Comedy Drama

An all-encompassing genre hybrid that merges dramatic film with comic elements or a strong comic lead, in situations that do not necessarily end happily. Instead of presenting the world as neat and clean and full of only laughs and resolution, these films often add dramatic touches like tragedy, melodrama and melancholy while maintaining a light tone. Beginning with the bittersweet social melodrama slapstick of Charlie Chaplin and the modern, lighthearted tragedy of Buster Keaton, the comedy drama originated in the silent era. During the Golden Age, filmmakers Preston Sturges, Howard Hawks, Ernst Lubitsch, and George Cukor mixed drama and comedy in perfect balance, while Billy Wilder perhaps perfected the genre, crafting comedies often addressing dark social and lifestyle issues with Ace in the Hole and The Apartment. Mike Nichols (The Graduate, Carnal Knowledge), Hal Ashby (The Last Detail, Shampoo) and Woody Allen (Hannah and Her Sisters, Crimes and Misdemeanors) carried the tradition into the ‘70s and ‘80s, often applying an even more cynical edge.
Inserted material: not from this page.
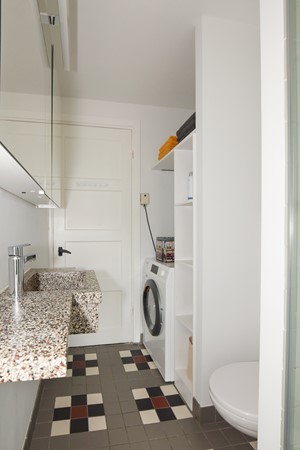 Medium property photo - Ackersdijckstraat 2, 5212 GL 's-Hertogenbosch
Independent cinema, with its focus on daily routines, relationships and angst, used this style with the films of Jim Jarmusch, Richard Linklater, Hal Hartley and Spike Lee. Internationally, filmmakers ranging from Claude Chabrol, Eric Rohmer, Federico Fellini, Mike Leigh, Takeshi Kitano and Pedro Almodovar have based much of their work in the hybrid between humor and drama.